Hans Bethe made one of the most important discoveries in the history of science. Naturally upon hearing what Hans wrought, your Mr. Average on the street will shrug his shoulders, flip on the remote, take another swig of his Bud Lite, and continue watching the playoffs.
What Hans discovered was that in massive stars (that is, bigger than the sun), carbon - good old fashioned carbon (what this drawing was made from) - steps in as a catalyst to power the fire. It's not just simply smashing hydrogen together to form helium (although ultimately that's what happens). Therefore the star could burn far easier - and longer - than the piddly few million years it would burn without the now-called carbon/nitrogen cycle.
Hans, whose mother was Jewish, left Germany in 1933. However, his mom couldn't get out without paying a $250 fee, technically speaking to release her furniture. Hans had submitted his paper about the carbon cycle to The Physical Review but he learned there was a $500 prize for the best "unpublished" paper in physics. So he asked the editor to send the paper back. He won the prize and sent the money to his mom so she could get out.
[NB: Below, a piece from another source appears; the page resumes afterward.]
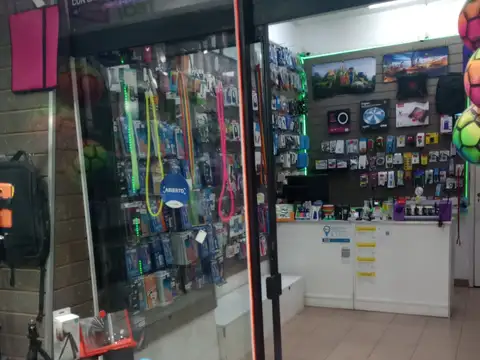 Local en Alquiler Via Pública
Largely credited with making Cornell a major department in physics, Hans was head of the physics division at Los Alamos for the Manhattan Project in World War II. After the war he became a moderating voice in the debate on nuclear development. Theoretical work on the hydrogen bomb should continue, he thought, and with the how-to knowledge in place, the West should negotiate with the Soviet Union to stop the actual building and manufacture of the arsenals. Would it have worked? Probably not, but it was a good enough idea.
Like most of the world class scientists, Hans could never retire and kept working well into his 90's. In the last decade of the 20th century, he kept right on doing calculatons - on a slide rule.
References
The Making of the Atomic Bomb, Richard Rhodes, Simon and Schuster, (1987). Hans was a major source for this book and features prominently.